What is Joshua's Beliefs
Posted: Sat Dec 15, 2007 12:58 am
In response to guy sajer, I will answer this honestly and percisely:
When I was growing up, I was purely logic driven. Science was my religion and God was a possibility, but was not a big role in my life. My parents were agnostic and my extended family was Trinity Baptist on my Dad's side with Methodist on my mom's.
At 14, then 15, and finally at 16, I had three seperate crushes with three seperate girls.. All of them turned out to be Mormon. Understand that I was a computer geek, not well liked in school, labeled a "nerd". So I never asked any of these girls out, but watched from afar. WHen I turned 17, I thought a lot about Mormonism and religion, so I tried the "praying to God" thing. I prayed and prayed for a week straight. Then came the Mormon Missionaries. My crushes attached to an attracton to any idea that was "rebellious" or "out of the norm", I joined the Church in 2 weeks. My mom and dad actually came to the baptism. It was the first time in years my father walked into any Church. It was funny, my grandfather (someone I deeply respect - a overthinker like myself who graduated from Berkely, CA and became a civil engineer) also came to some of the services and ended up shruging his shoulders and said "looks like a Christian church to me". So I guess I got his approval.

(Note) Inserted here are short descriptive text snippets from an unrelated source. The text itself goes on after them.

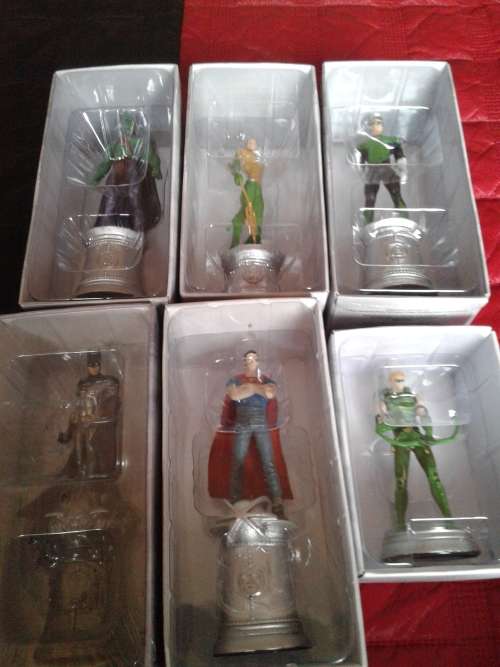 6 X D.C. LEAD FIGURINES  (TO CHOSE OR TAKE ALL )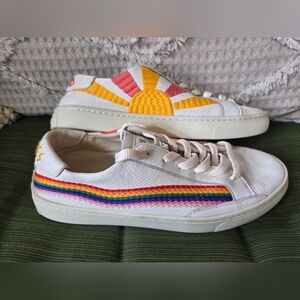 Soludos Womens Good Vibes Rainbow Wave White Sneaker Shoes Size US 8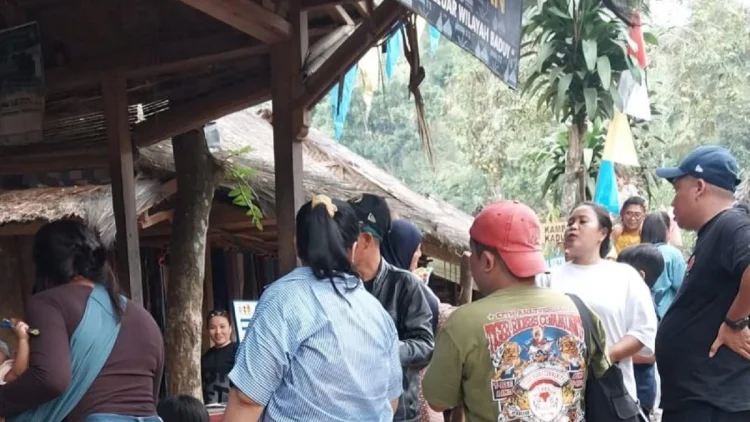 Turis Domestik Ramai-ramai ke Badui untuk Berburu Durian Lokal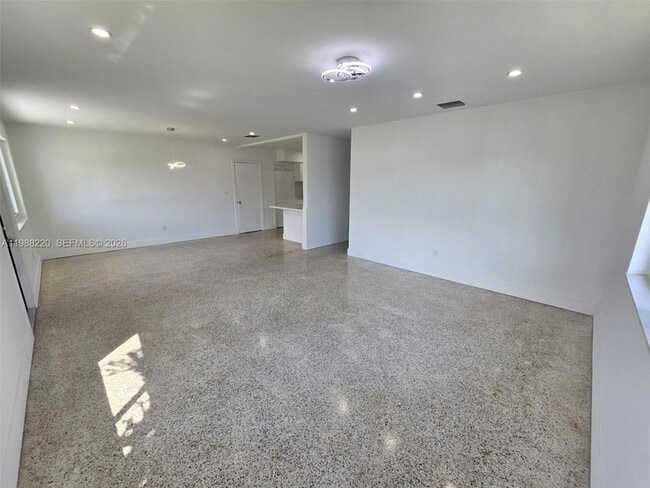 Building Photo - 3245 SW 88th Ct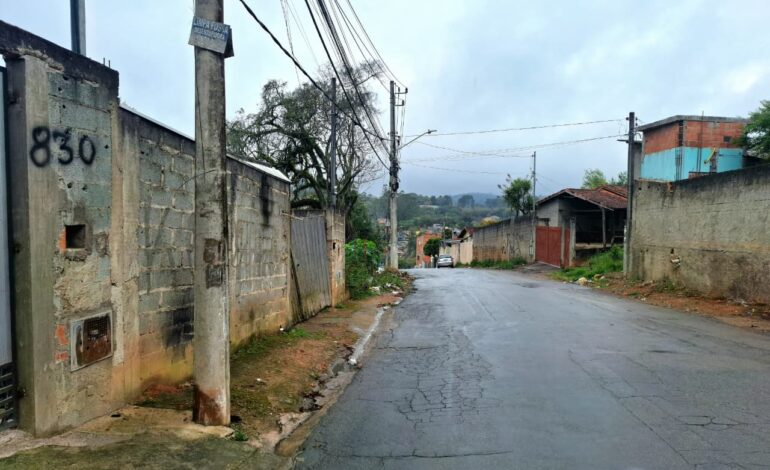 Interdição viária chega a um novo trecho da rua Adriano P. de Oliveira por conta de obras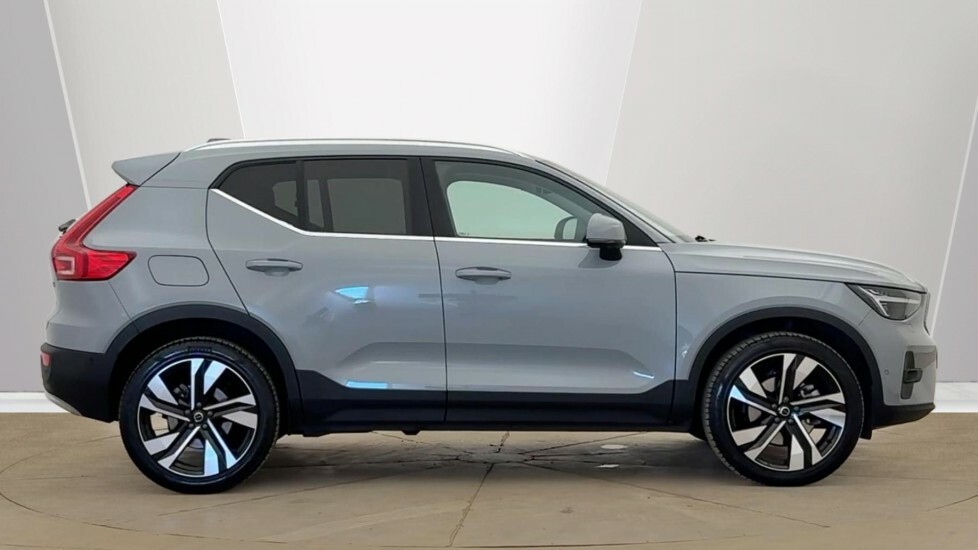 Volvo XC40 Ultra, B4 Mild Hybrid, Bright Grey #2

Unfortunatly my nerddum did haunt me. I was an outsider. I went to Seminary for the last year, asking all sorts of questions. They were annoyed. They just wanted to get through seminary. The teacher was excited, but I got the usual glares. Found out that the girls thought I was a nerd too, so they had no interests in me.

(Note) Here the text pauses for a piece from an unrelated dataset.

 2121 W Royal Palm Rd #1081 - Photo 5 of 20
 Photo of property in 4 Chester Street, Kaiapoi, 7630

What was hard is while I was being baptised and converting in, I got a lot of the handshakes and a lot of attention. Since I was the only one in my whole family, it was nice.. But when I was coverted, that went away. If it wasn't for my home teacher, who was an awsome guy and someone who became my friend, I would have left right then and there.
I graduated and moved to San Diego. I was heavily involved for a few more years, and met a girl I fell head-over-heels for. Things went awsome, but I had to deal with one annoying quirk. She and her family were uber-Amway freaks... We got "secretly" engaged, but when I decided I did not want to do Amway anymore, her parents pressured her to dumb me, which I did.
After that, I declined rapidly. I fell out of Church and it was shuffled to the back of my head.
Right after the Y2k events, I moved to San Francisco to do work at a Dot.com. Needing some connections (I knew NO ONE), I ended up re-connecting with the Church. It was EXTREMELY tight up there. Everyone was very clingy. So I had a small family again. Things went well, until I did the thing I promised myself I would never do... I looked up Mormonism on the Internet.
Understand my brain processes things VERY logically. Feed it something, and it crunches all aspects and sides of a problem from every angle. Everything can be reviewed through my head 4000x.... When I realized I was getting older and time was moving faster, my brain got me to search everything on the internet to find some answers or anything to help squish my fear..... There had to be SOME way to slow my brain down.... It is scary to have my brain and would give it to ANYONE that would take it.
Anyways, so now my brain was fed anti-Mormonism, and that was eating away at my brain. The Dot.com boom crashed, and I was sent back to Southern-California, depressed that my Mormon family was flawed. It frightened me.
Without going on and on, I had ups and downs, struggling with logic and trying to decide if Mormonism was a good or bad thing until I met my wife. I got back into Church, got Endowed, had some massive spiritual experiences, and we were sealed in the temple.
Two years into my marriage, and that fear of death thing hit. I had a meltdown. For a year, I was depressed and in a funk until I found out we were to be blessed with our first child. Then something in me snapped back and demanded I just flow with it and stop trying to figure EVERYTHING out.
What did I learn?
1. There is no such thing as absolute truth. For every point against Mormonism, someone has an alternative view. It depends on what view you want for that hour.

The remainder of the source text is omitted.